Background information
- Born: Jozef Ráž 24 October 1954 (age 71) Bratislava, Czechoslovakia
- Genres: Rock; pop;
- Occupation: Musician
- Instruments: Vocals; bass;
- Years active: 1969–present
- Labels: Opus; BMG Ariola;
- Member of: Elán
- Website: elan.cz

= Jozef Ráž =

Slovak musician (born 1954)

Jozef "Jožo" Ráž (born 24 October 1954) is a Slovak singer–songwriter and bassist from Bratislava known mainly for his work with the group Elán.

==Career==
Jožo Ráž founded the pop-rock band Elán in 1968 together with his school classmates Vašo Patejdl, Juraj Farkaš, and Zdeno Baláž. He is also an occasional actor: in 1989, he played himself in the fictionalized film about the band Elán, titled Rabaka.

==Personal life==
Ráž graduated from the Faculty of Arts, Comenius University in Bratislava. While riding his motorcycle in Bratislava's city center in 1999, he was hit by a car, causing him a serious head injury as well as a broken nose, wrist, and right leg.

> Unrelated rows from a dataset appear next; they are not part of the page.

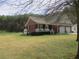 Charming brick home featuring a two-car garage and inviting front porch at 28 County Line #2 Rd, Rydal, GA 30171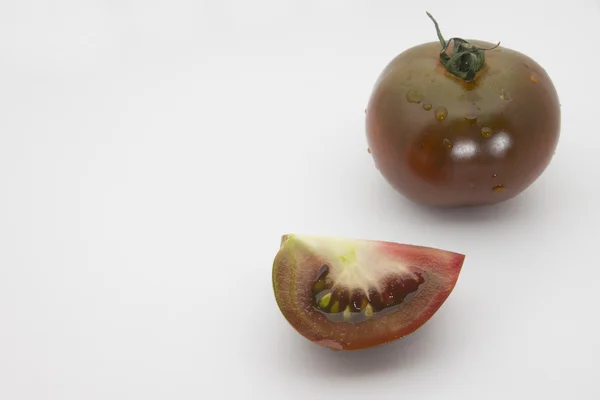 Kumato, tomate escuro com fatia — Fotografia de Stock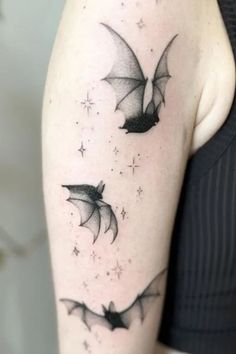 a woman's arm with two bats on it and stars in the sky above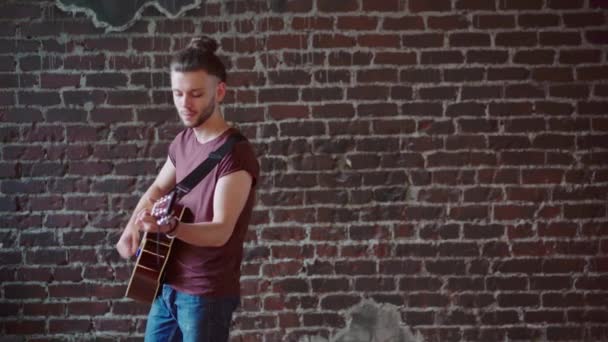 Człowiek z gitarą akustyczną spacery w tę i z powrotem ceglane tło ściany komponuje muzykę gra śpiew piosenki cieszyć się życiem Medium shoot — Wideo stockowe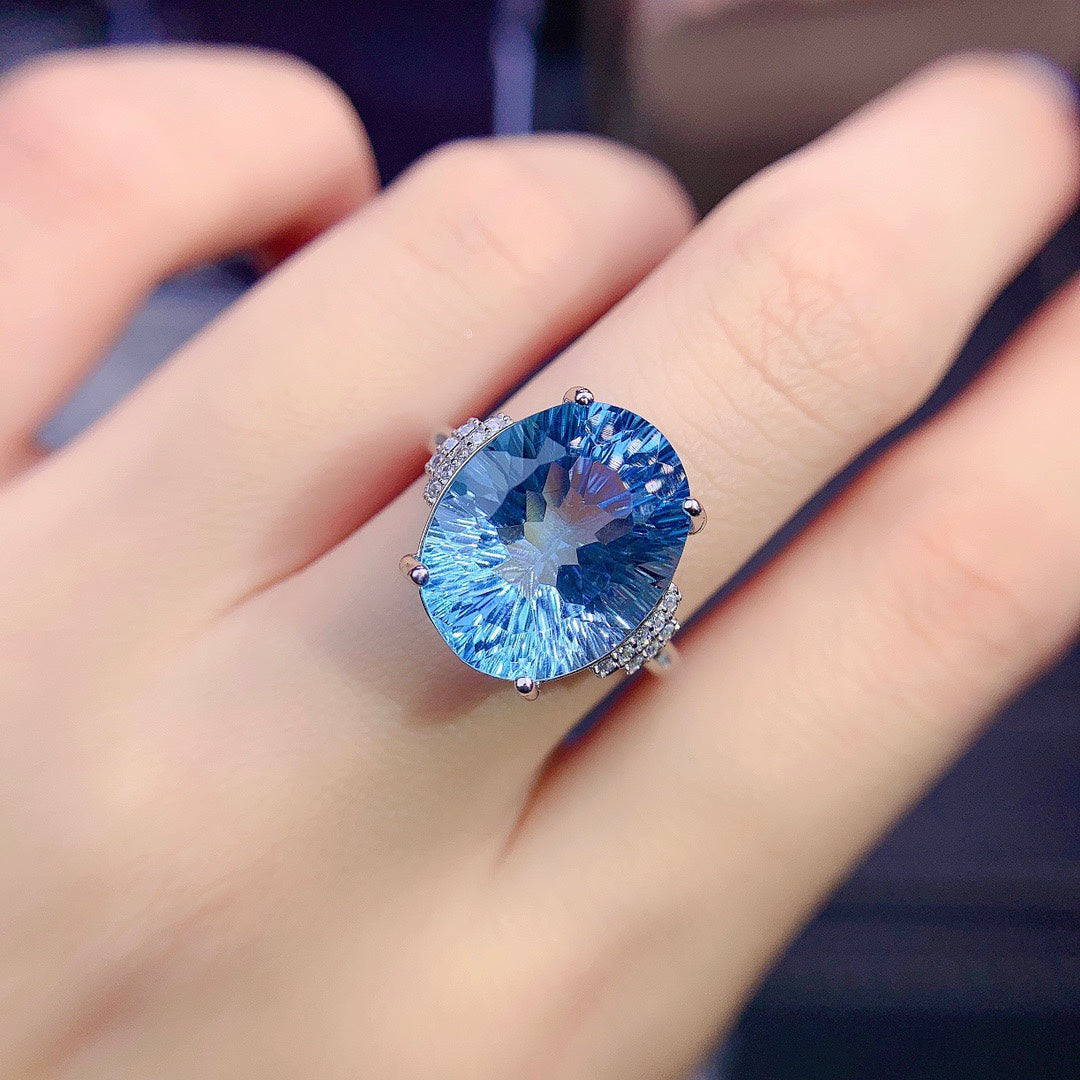 Bague pour femme en argent sterling incrustée de topaze bleue
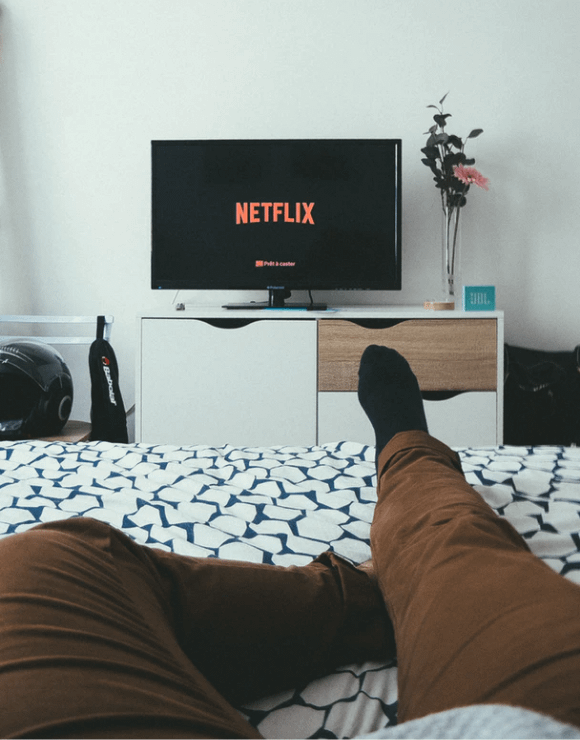 A man demonstrates Netflix and Chill as a form of self-care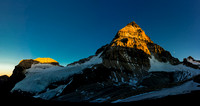 Mount Assiniboine with the moon as the sun sets. Our route goes up the ridge trending to skyline left from bottom left.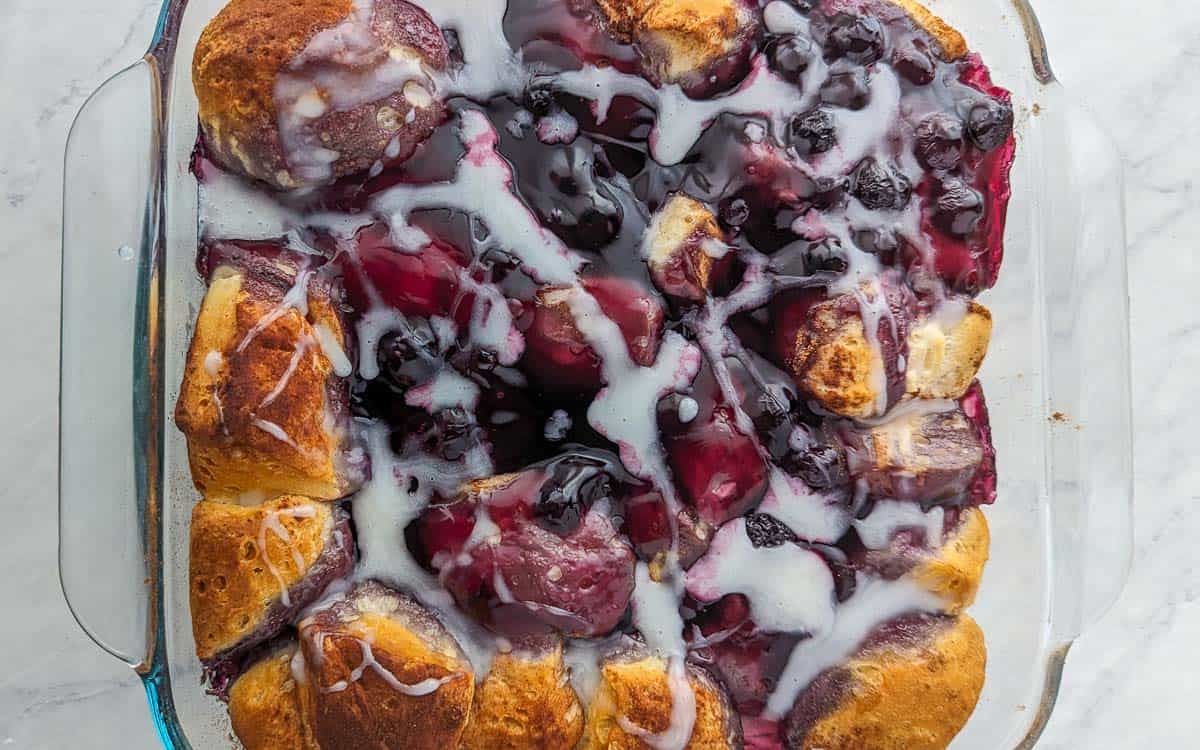 A square glass baking dish filled with a Blueberry Bubble Up topped with glazed dough pieces and drizzled with white icing.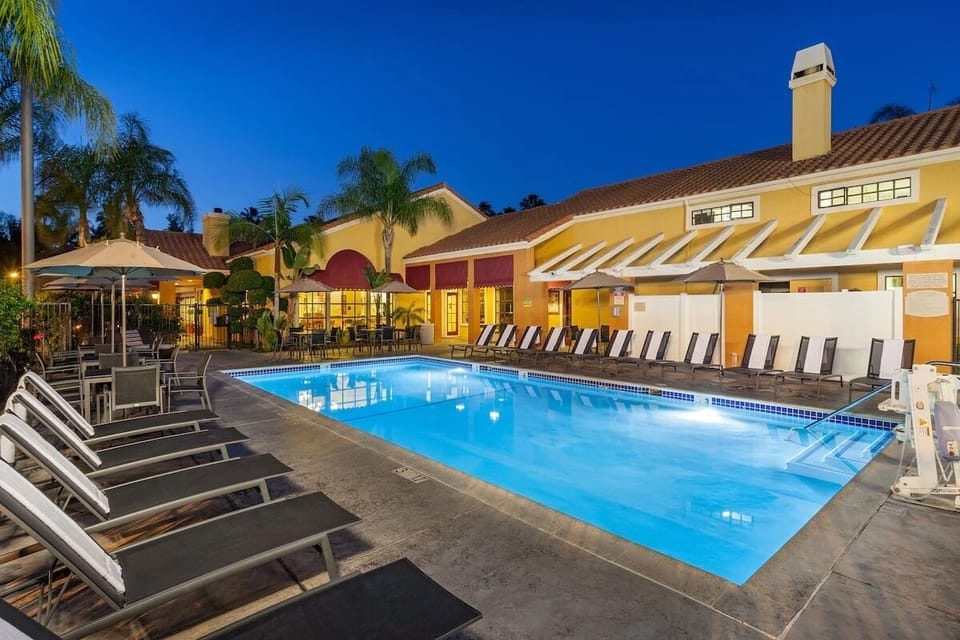 Unwind under evening lights in a resort-style swimming pool.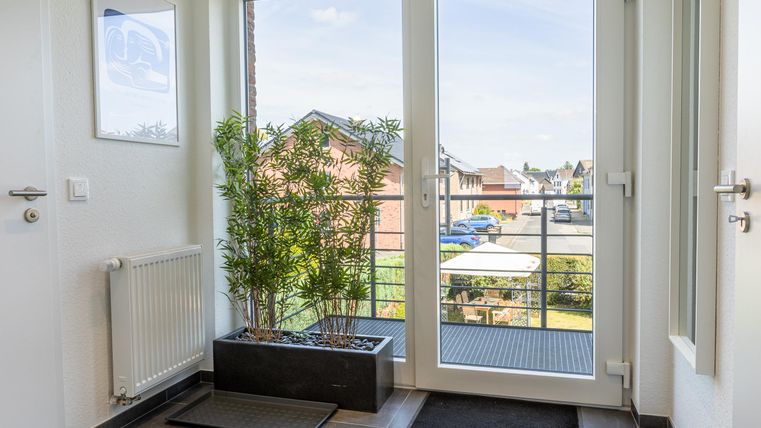 Een heldere entree met grote ramen en uitzicht op de straat. Planten en deurmatten zorgen voor een uitnodigende sfeer.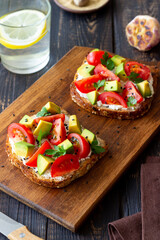 Toast with white cheese, tomatoes and avocado. Healthy eating. Vegetarian food.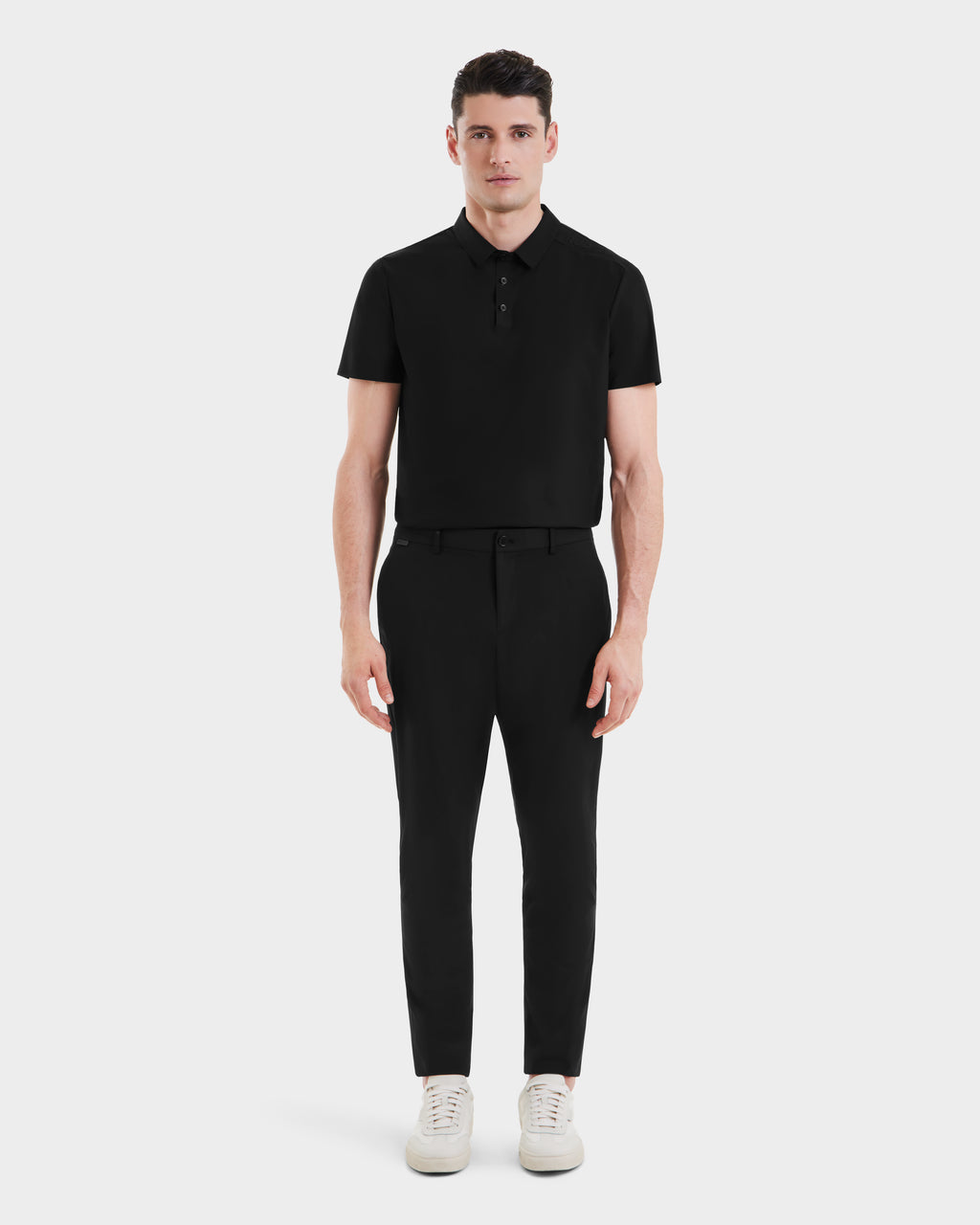 A man faces forward against a white background wearing the VERNON - 6525025 Black polo shirt by Rudsak, styled with tapered trousers and white sneakers for an effortlessly modern look.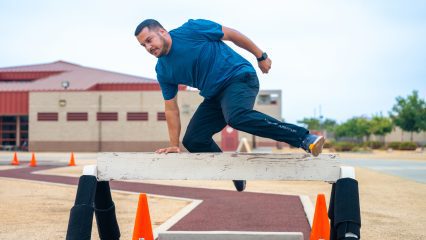 Man in blue shirt and black pants climbing over a wooden obstacle on an outdoor course.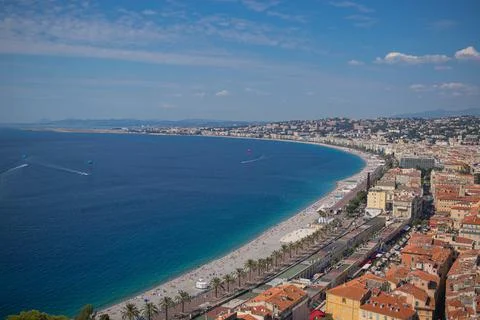 An aerial view of Nice Code de Azur beach with dense coastline buildings unde Stock Photos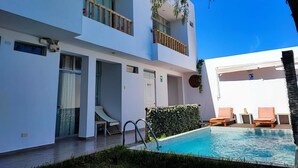 A modern building with a swimming pool, outdoor seating, and a balcony with plants. - Paracas Guest House (Paracas)
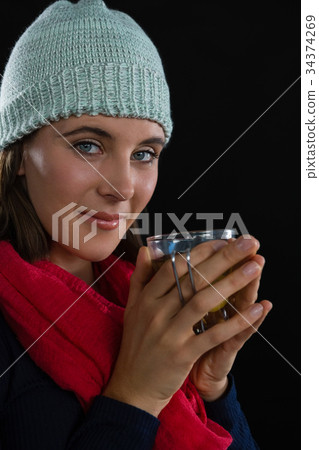Portrait of woman holding coffee cup Portrait of woman holding coffee cup 34374269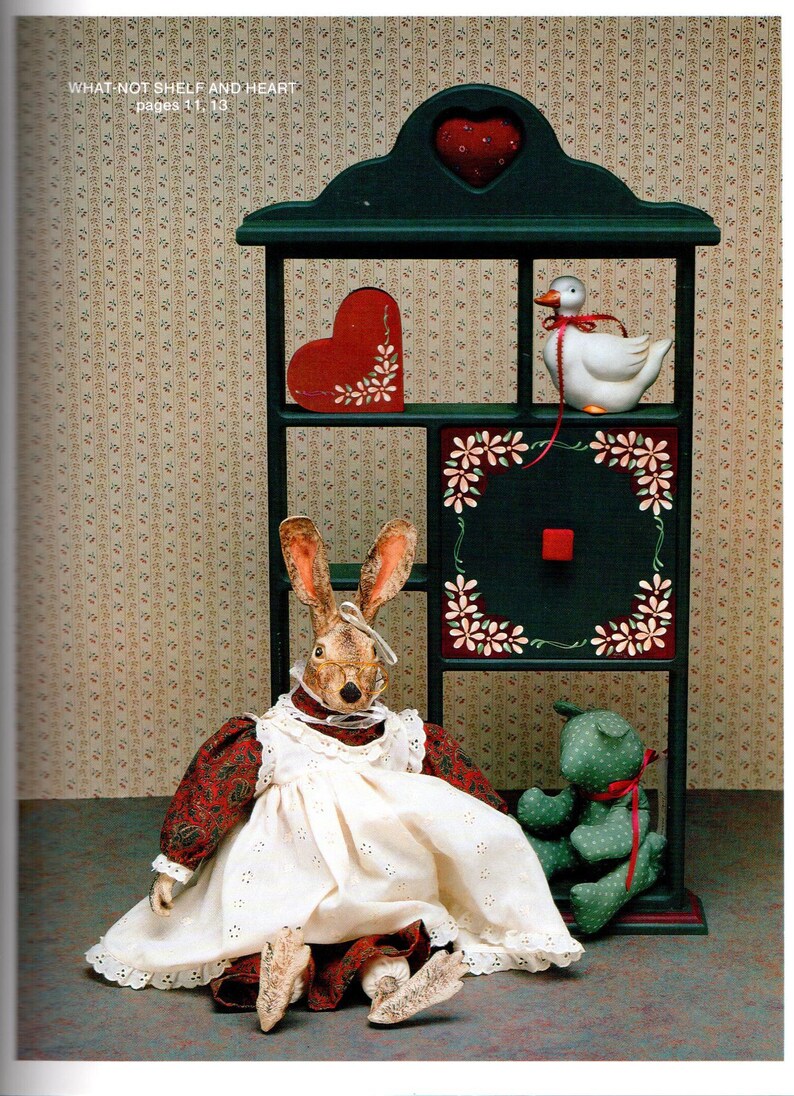 May include: A dark green shelf with a heart-shaped top, holding a white duck figurine, a red heart, and a square with floral accents. A rabbit doll in a white dress and a green teddy bear are in front of the shelf. The text "WHAT NOT SHELF AND HEART" is visible.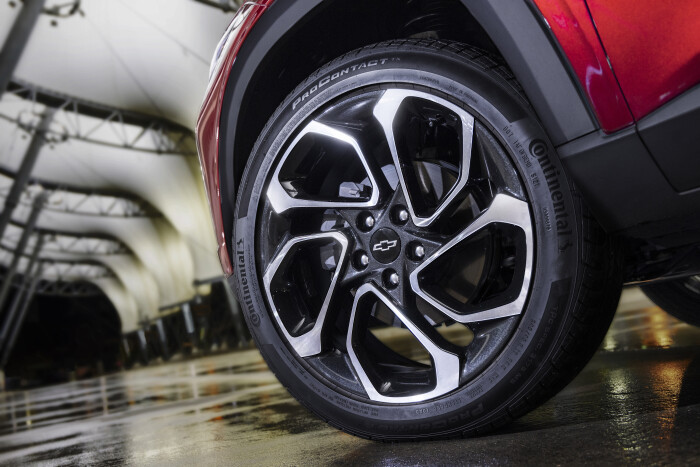 Close-up view of drivers side front wheel on Chevrolet Trax in Crimson Metallic. Pre-production mode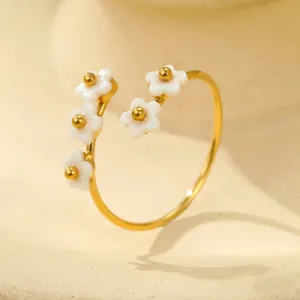 Detailed view of 18K gold titanium steel ring with white flower petals and zircon insets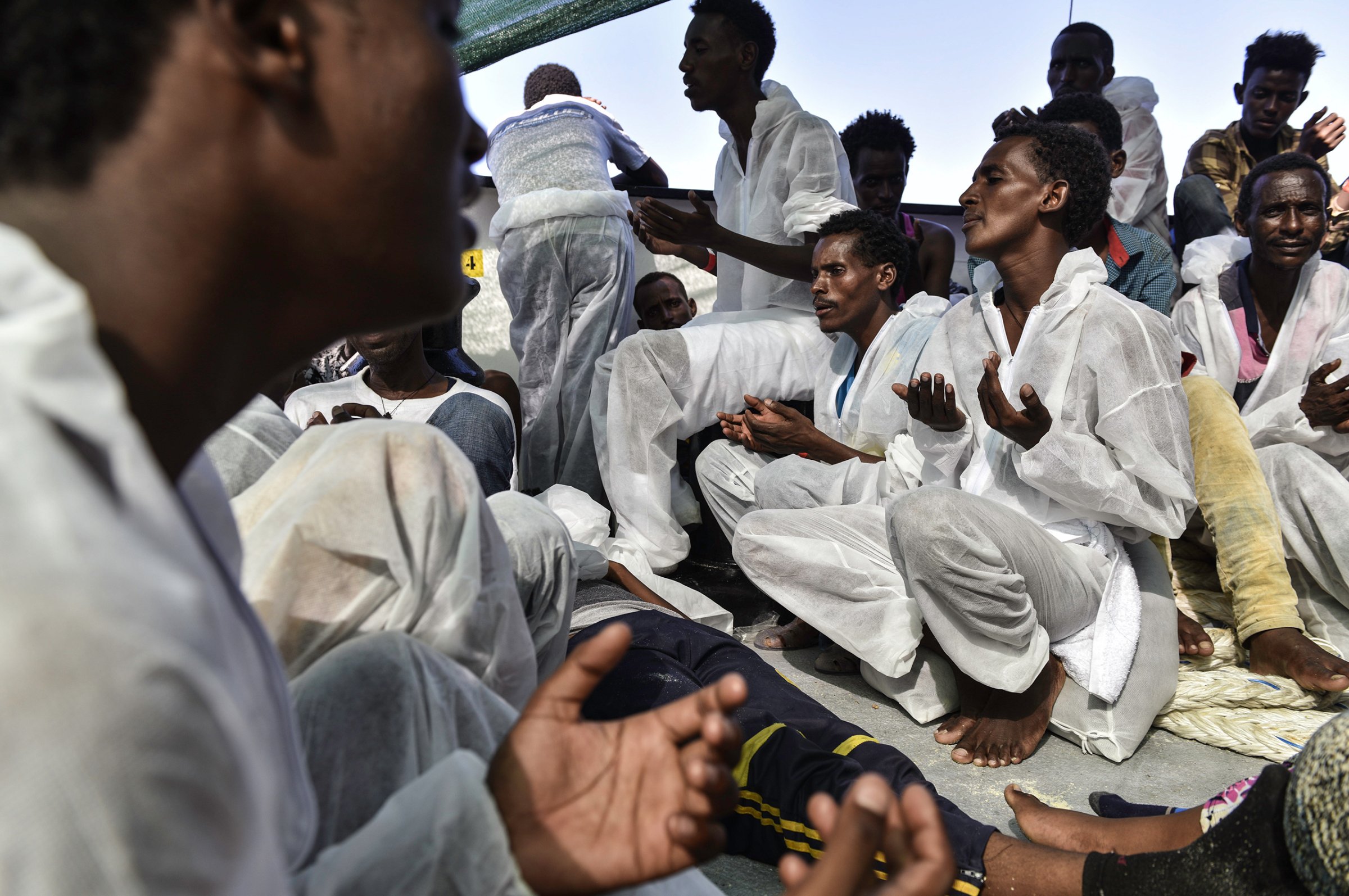 Eritrean Orthodox Christian men sing and pray after their rescue, Aug. 21, 2016.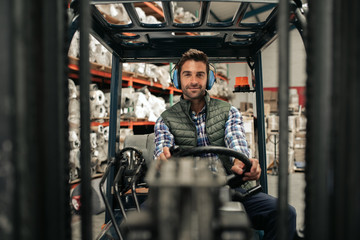 Fototapeta na wymiar Smiling forklift driver working on the floor of a warehouse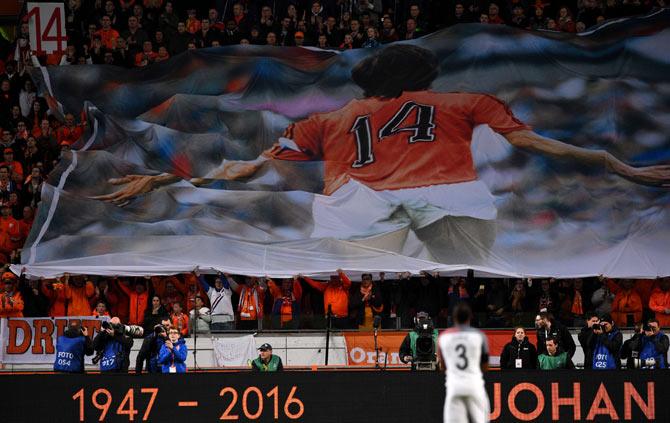 A large banner is displayed during a standing ovation in honour of late Dutch football legend Johann Cruyff during a pause in the 14th minute of the friendly football match between the Netherlands and France
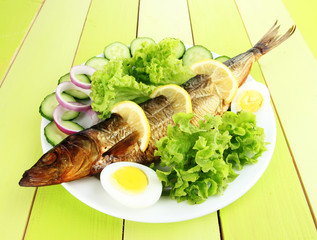 Smoked fish on plate close up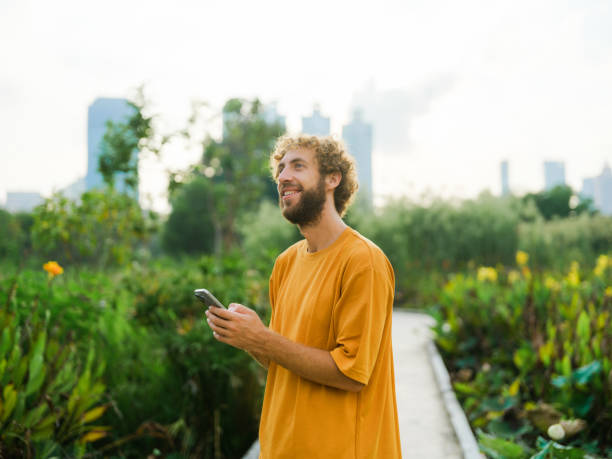istock Man on morning walk through lush foliage in downtown 1864609297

Ráž has expressed controversial views in the past, such as in 2012, when he stated "I am not a racist, but I am afraid of the Chinese—there are many of them". He has also voiced his support for authoritative leaders such as Gustáv Husák, Vladimír Mečiar, Robert Fico, Fidel Castro, and Vladimir Putin.

Ráž's son, also named Jozef, was nominated for the position of Slovak Minister of the Interior in March 2018 for the Direction – Social Democracy party, but President Andrej Kiska refused his appointment.